The Minister for Finance, Michael Noonan signed into Irish law two regulations to give effect to the Capital Requirements Directive IV (CRD IV). The European Union (Capital Requirements) Regulations 2014, gives effect to the Capital Requirements Directive (Directive 2013/36/EU) and the European Union (Capital Requirements) (No. 2) Regulations 2014, gives effect to a number of technical requirements in order that the Capital Requirements Regulation can operate effectively in Irish law.
"This is a vital piece of financial services legislation which aims to strengthen the effectiveness of the regulation of credit institutions and investment firms in the EU and enhance financial stability across the EU," finance Minister Noonan said.

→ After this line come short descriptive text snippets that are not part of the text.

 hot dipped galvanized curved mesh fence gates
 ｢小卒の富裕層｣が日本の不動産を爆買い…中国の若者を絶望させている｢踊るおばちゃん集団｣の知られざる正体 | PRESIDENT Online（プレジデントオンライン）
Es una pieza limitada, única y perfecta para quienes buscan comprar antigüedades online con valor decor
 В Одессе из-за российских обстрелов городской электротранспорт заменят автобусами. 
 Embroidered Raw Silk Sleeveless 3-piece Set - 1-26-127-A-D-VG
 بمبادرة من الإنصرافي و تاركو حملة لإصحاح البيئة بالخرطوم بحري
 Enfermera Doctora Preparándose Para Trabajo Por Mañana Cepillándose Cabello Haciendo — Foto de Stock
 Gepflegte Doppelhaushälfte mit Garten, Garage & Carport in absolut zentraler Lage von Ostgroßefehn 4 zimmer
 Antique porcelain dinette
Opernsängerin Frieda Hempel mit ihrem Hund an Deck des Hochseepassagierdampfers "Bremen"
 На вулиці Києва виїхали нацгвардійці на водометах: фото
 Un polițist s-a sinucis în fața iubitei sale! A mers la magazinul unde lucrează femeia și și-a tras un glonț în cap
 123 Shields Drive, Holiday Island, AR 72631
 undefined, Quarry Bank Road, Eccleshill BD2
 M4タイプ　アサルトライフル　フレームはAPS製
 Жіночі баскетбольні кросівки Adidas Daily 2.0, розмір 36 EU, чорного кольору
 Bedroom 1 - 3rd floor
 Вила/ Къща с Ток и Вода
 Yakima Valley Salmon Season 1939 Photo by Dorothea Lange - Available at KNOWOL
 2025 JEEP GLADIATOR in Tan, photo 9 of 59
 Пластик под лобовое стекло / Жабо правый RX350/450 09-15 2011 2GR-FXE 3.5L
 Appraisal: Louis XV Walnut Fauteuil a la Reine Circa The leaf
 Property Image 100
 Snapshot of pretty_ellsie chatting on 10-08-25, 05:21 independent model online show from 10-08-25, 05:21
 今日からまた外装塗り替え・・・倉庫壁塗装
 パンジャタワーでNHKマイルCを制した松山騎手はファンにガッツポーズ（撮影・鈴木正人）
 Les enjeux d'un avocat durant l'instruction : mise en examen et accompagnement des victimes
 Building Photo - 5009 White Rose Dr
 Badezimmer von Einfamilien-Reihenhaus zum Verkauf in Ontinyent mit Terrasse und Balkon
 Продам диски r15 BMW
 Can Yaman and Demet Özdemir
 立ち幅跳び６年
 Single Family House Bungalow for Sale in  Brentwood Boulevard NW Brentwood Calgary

The Capital Requirements Package, made up of Directive 2013/36/EU and Regulation 575/2013, aims to strengthen the resilience of credit institutions across the EU. The legislation was published on 27 June 2013 in the Official Journal of the EU following the successful negotiation under the Irish Presidency of the Council of the EU. The proposal was first published by the European Commission in July 2011.
CRD IV is one of the largest pieces of financial services legislation published and it had a truncated transposition deadline of six months after it was published in the Official Journal. The Directive has 165 Articles and the Regulation has 521 Articles. These deal with a diverse range of topics including Authorisations, Liquidity requirements, remuneration provisions and capital requirements. Ireland is amongst the first wave of Member States to complete the transposition of the Capital Requirements Directive and Regulation.
The Capital Requirements Regulation 575/2013 and Directive 2013/36/EU form the package known as CRD IV. The proposals under this package are the EU's answer to transposing the Basel III agreement reached by the Basel Committee on Banking Supervision in December 2010 which was endorsed by the G20 leaders.
This legislative package aims to strengthen the effectiveness of the regulation of credit institutions and investment firms in the EU and enhance financial stability. It is a vital piece of financial services legislation. A further objective is to contain the pro-cyclicality of the financial system which in turn will ensure a high level of protection for investors and depositors and will benefit of the operators in these markets.
Basel III is part of the continuous effort made by the Basel Committee on Banking Supervision to enhance the banking regulatory framework. It builds on the Basel I and Basel II documents, and seeks to improve the banking sector's ability to deal with financial and economic stress, improve risk management and strengthen the banks' transparency. A focus of Basel III is to foster greater resilience at the individual bank level in order to reduce the risk of system wide shocks.